=== Problem statement ===
Exclude all pictures, and reproduce exactly the lines from the one containing "Forest Gate Olive" through the end of the records, with nothing else added.

Short text fragments from websites
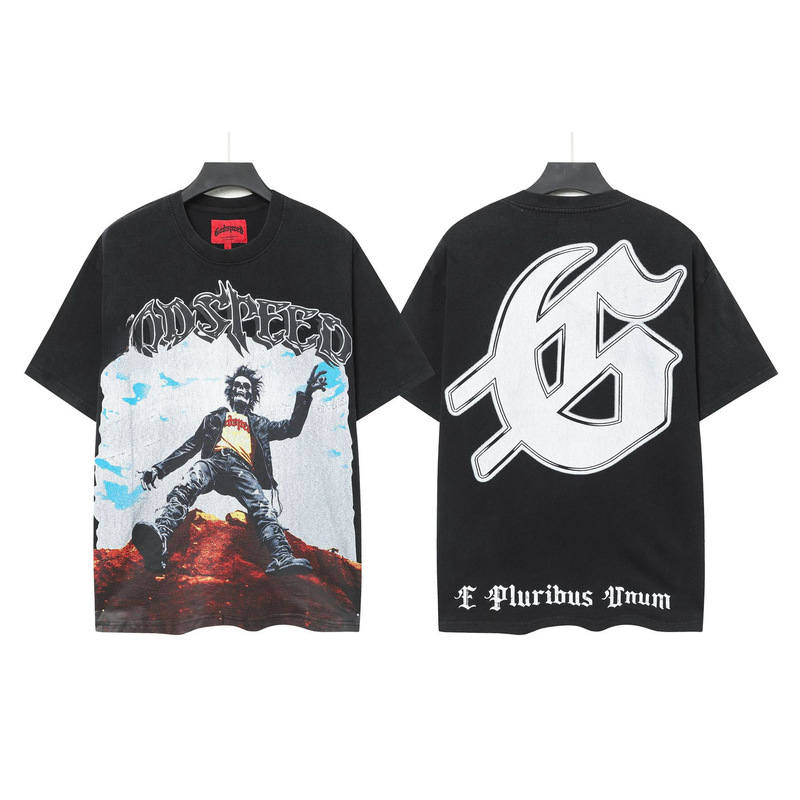 25ss アメリカのトレンディなブランド GOD ロックバンド ヒップホップ レタープリント 半袖 高品質 コットン Tシャツ カップル同スタイル|undefined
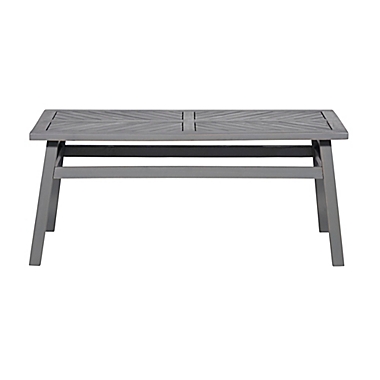 Forest Gate Olive Outdoor Acacia Wood Coffee Table in Grey Wash. View a larger version of this product image.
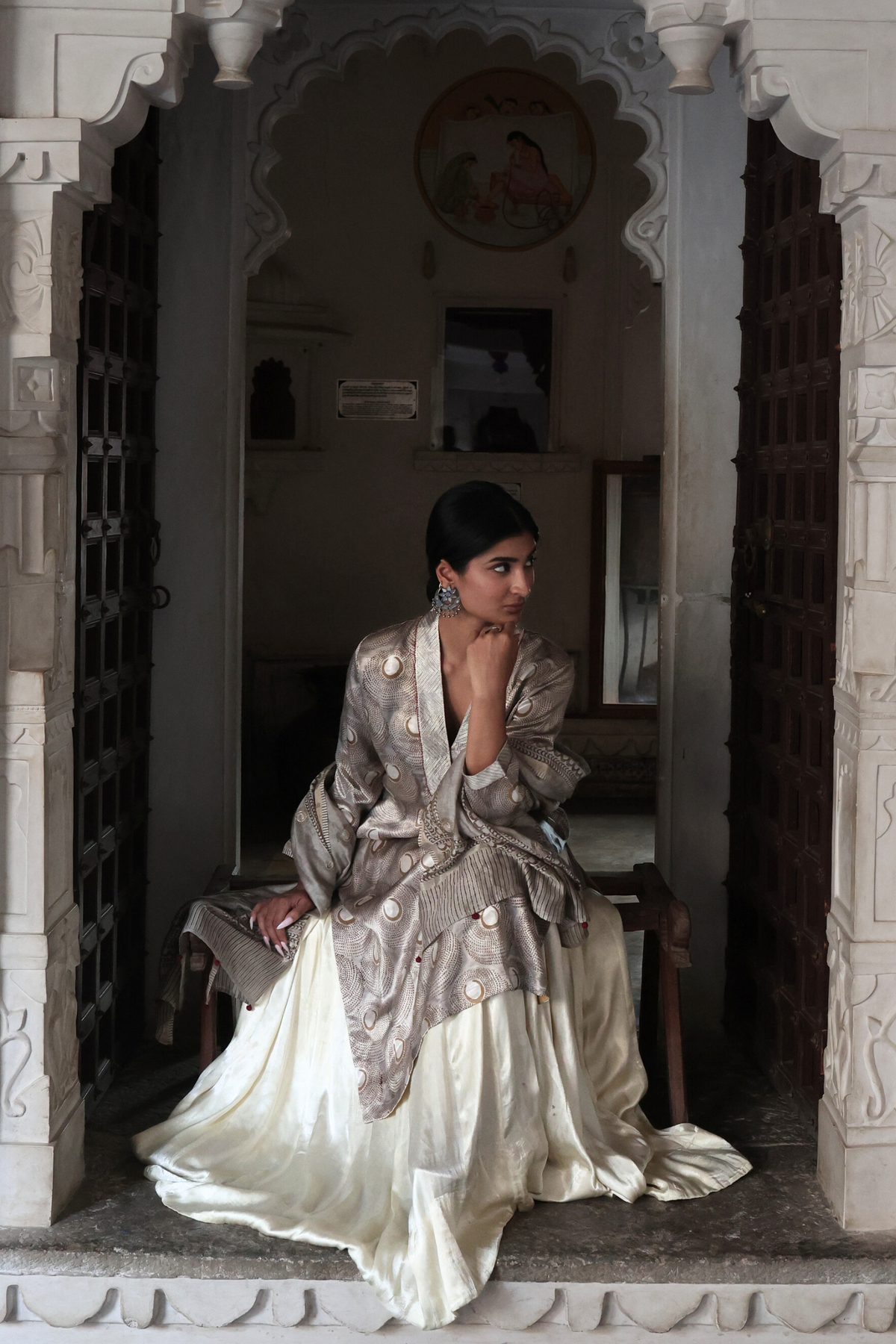 Kashish Silk Ivory Skirt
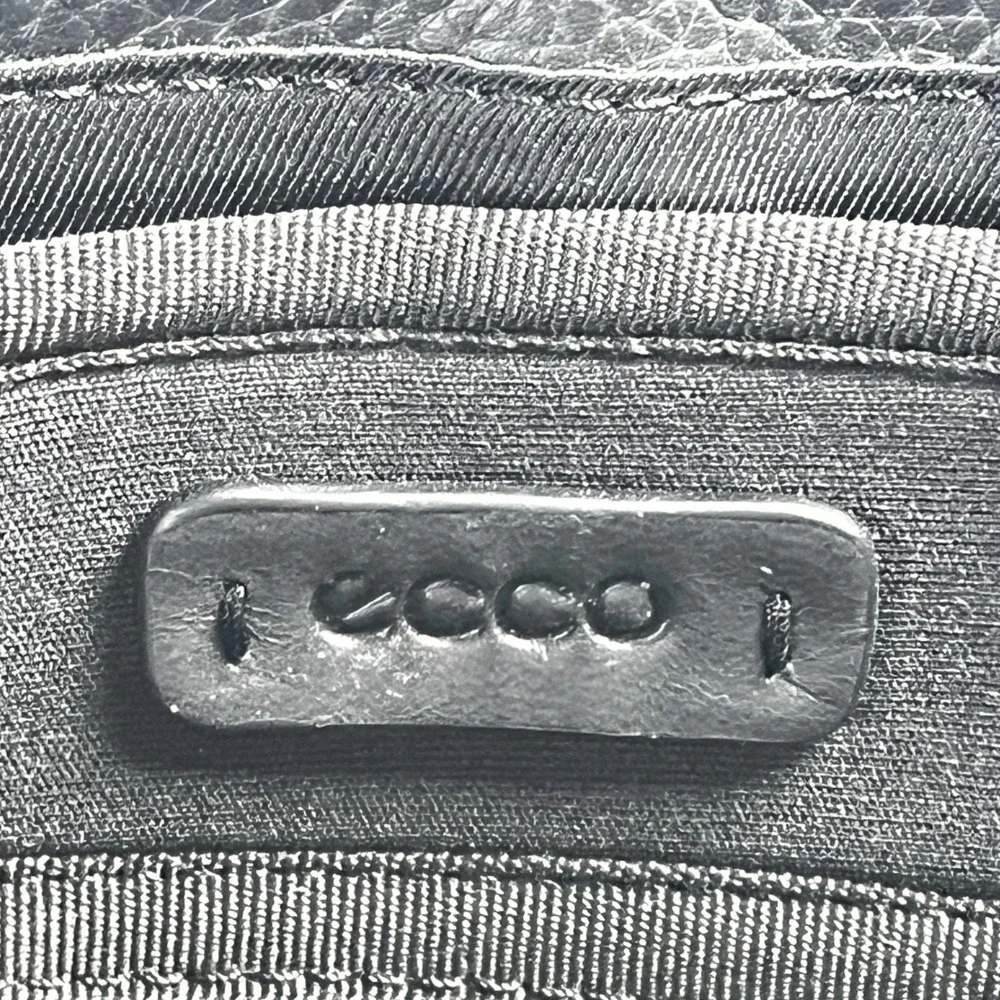 ECCO Messenger Bag Black Pebbled Leather‎ Crossbody Laptop Travel Bag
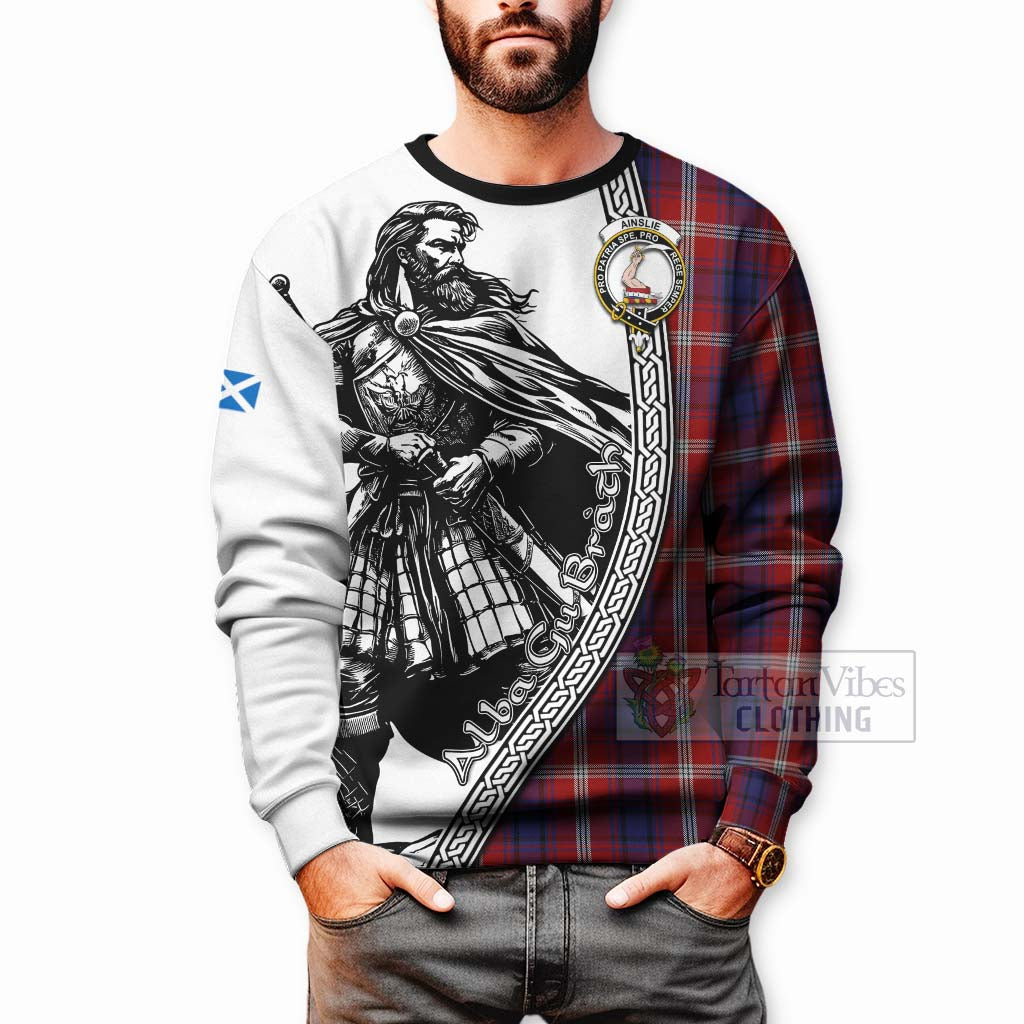 Ainslie Tartan Clan Crest Sweatshirt with Highlander Warrior Celtic Style - Tartan Vibes Clothing
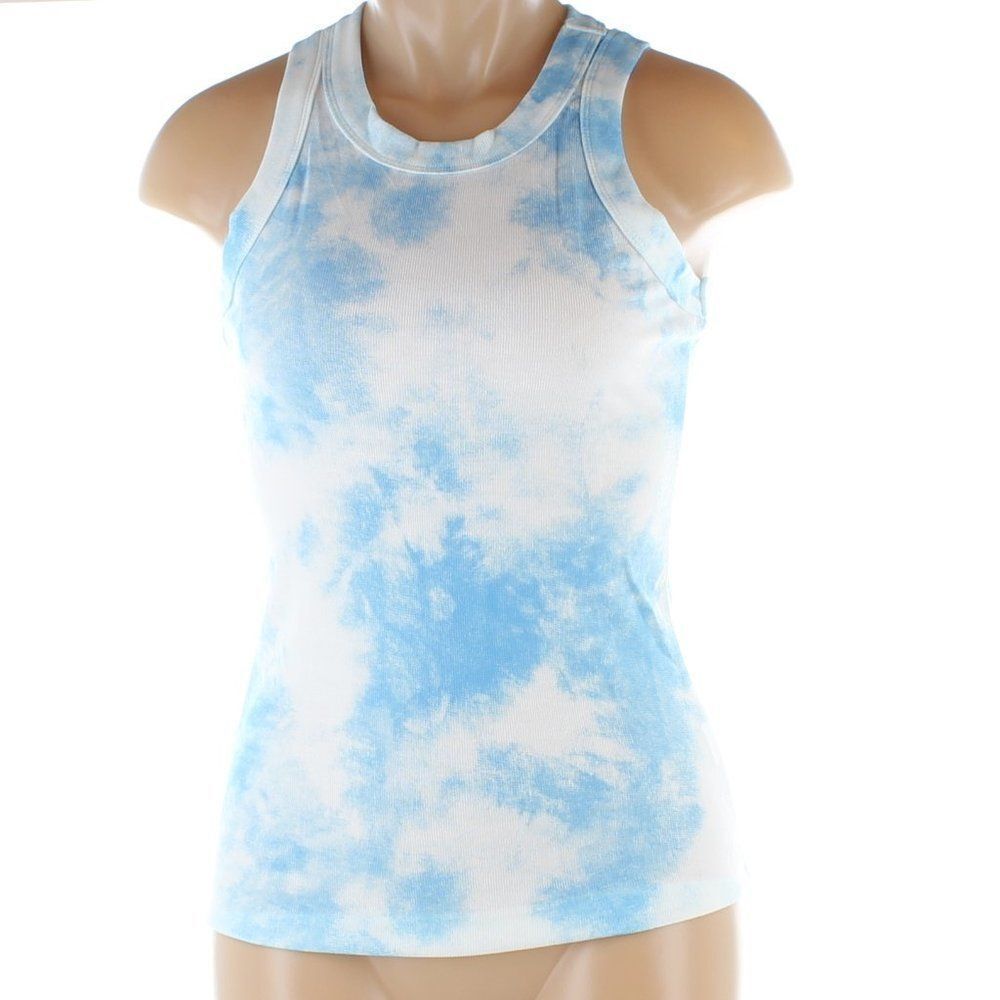Boho Chic Blue & White Tie Dye Ribbed Tank Top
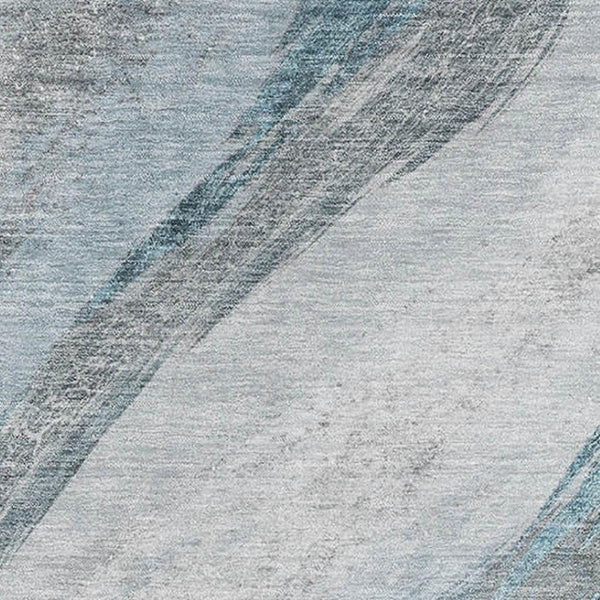 HomeRoots 10' X 14' Teal & Gray Abstract Area Rug - Washable, Stain-Resistant, UV-Protected for Modern Living 715507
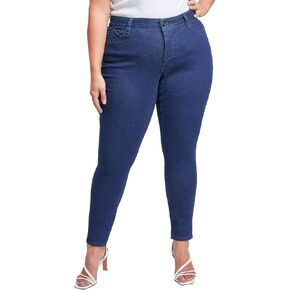 Royalty For Me Womens Women's Plus Size Wannabettabutt High Rise 1 Button Skinny Jean with Regular Hem in Kuwait
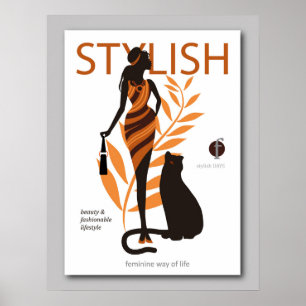 Underlig mode afrikansk flicka, stor katt Panther Poster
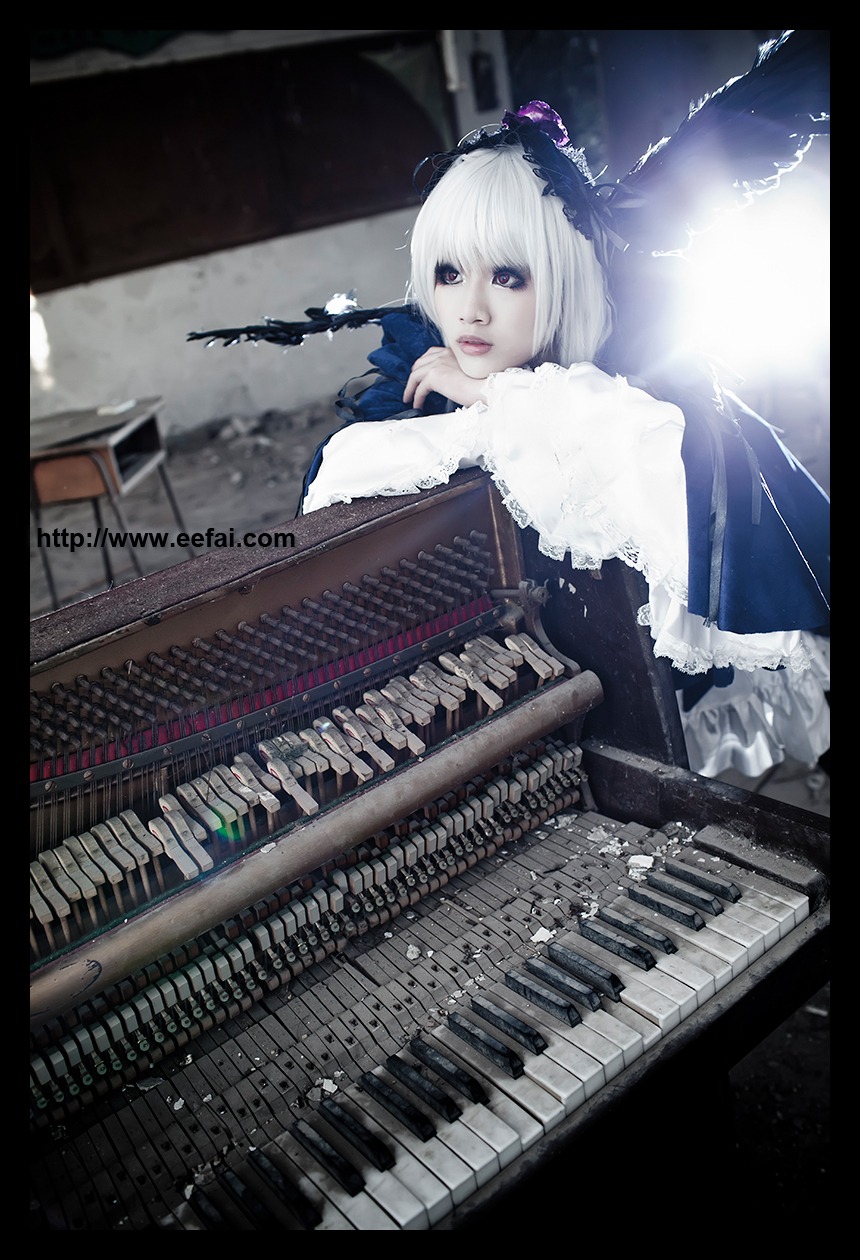 1girl black_border bow_(instrument) dress frills hairband instrument letterboxed lips music piano playing_instrument purple_eyes sheet_music solo suigintou white_hair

=== Response to the exercise ===
 Forest Gate Olive Outdoor Acacia Wood Coffee Table in Grey Wash. View a larger version of this product image.
 Kashish Silk Ivory Skirt
 ECCO Messenger Bag Black Pebbled Leather‎ Crossbody Laptop Travel Bag
 Ainslie Tartan Clan Crest Sweatshirt with Highlander Warrior Celtic Style - Tartan Vibes Clothing
Boho Chic Blue & White Tie Dye Ribbed Tank Top
 HomeRoots 10' X 14' Teal & Gray Abstract Area Rug - Washable, Stain-Resistant, UV-Protected for Modern Living 715507
 Royalty For Me Womens Women's Plus Size Wannabettabutt High Rise 1 Button Skinny Jean with Regular Hem in Kuwait
 Underlig mode afrikansk flicka, stor katt Panther Poster
 1girl black_border bow_(instrument) dress frills hairband instrument letterboxed lips music piano playing_instrument purple_eyes sheet_music solo suigintou white_hair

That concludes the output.